:: DATA ::
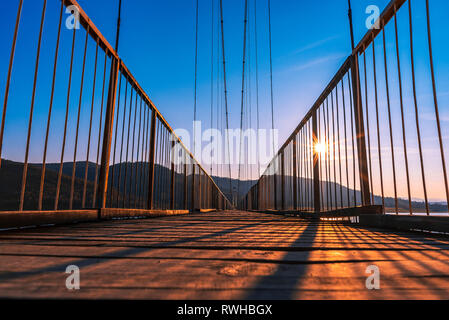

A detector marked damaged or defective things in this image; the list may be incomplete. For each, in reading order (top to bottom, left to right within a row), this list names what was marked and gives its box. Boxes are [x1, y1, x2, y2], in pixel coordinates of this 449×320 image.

rusty metal post [96, 56, 119, 214]
rusty metal post [350, 54, 372, 205]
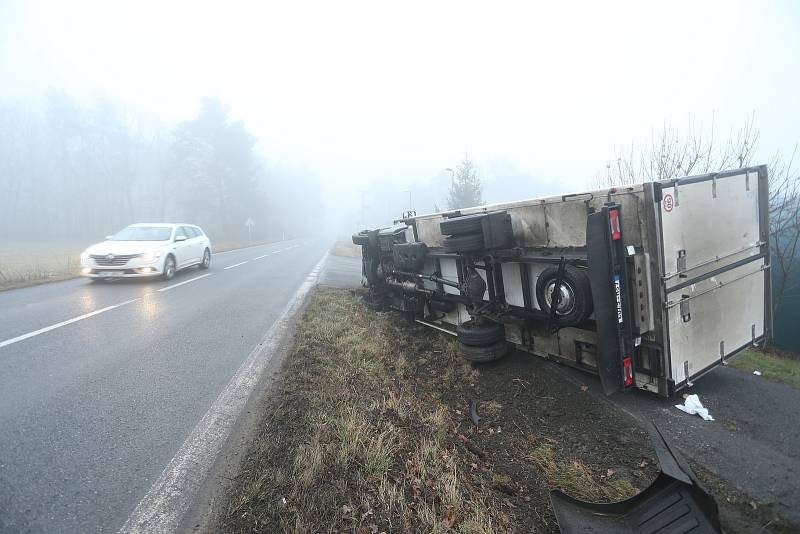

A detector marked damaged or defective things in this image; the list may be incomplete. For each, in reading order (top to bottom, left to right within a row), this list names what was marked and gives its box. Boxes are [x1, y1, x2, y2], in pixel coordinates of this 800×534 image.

overturned truck [354, 168, 772, 398]
broken plastic fragment [672, 394, 716, 422]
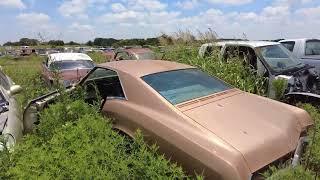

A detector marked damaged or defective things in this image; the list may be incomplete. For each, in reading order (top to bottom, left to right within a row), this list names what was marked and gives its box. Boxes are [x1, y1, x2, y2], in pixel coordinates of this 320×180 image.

rusted car body [0, 67, 22, 150]
rusted car body [41, 52, 94, 87]
rusted car body [24, 60, 312, 179]
rusted car body [199, 41, 320, 104]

:: WHAT IS REQUIRED ::
Please give back all the records above word for word, with no pictures included.

:: ANSWER TO THIS TASK ::
A detector marked damaged or defective things in this image; the list may be incomplete. For each, in reading order (top to bottom, left to right within a row), this list names what was marked and gives its box. Boxes are [x1, y1, x2, y2], in pixel coordinates of this 449×320 image.

rusty metal post [96, 56, 119, 214]
rusty metal post [350, 54, 372, 205]

A detector marked damaged or defective things in this image; the list may be incomplete. For each, in reading order (top to bottom, left to right within a row), this list names what was marked and gives its box. Boxes are [x1, y1, x2, y2], in pixel coordinates of this 800×534 image.

overturned truck [354, 168, 772, 398]
broken plastic fragment [672, 394, 716, 422]

A detector marked damaged or defective things in this image; the list may be incomplete. For each, in reading order (top to bottom, left to right within a row), this list names what was marked and gives its box. Boxes are [x1, y1, x2, y2], in pixel coordinates of this 320×180 image.

rusted car body [0, 67, 22, 150]
rusted car body [41, 52, 94, 87]
rusted car body [24, 60, 312, 179]
rusted car body [199, 41, 320, 104]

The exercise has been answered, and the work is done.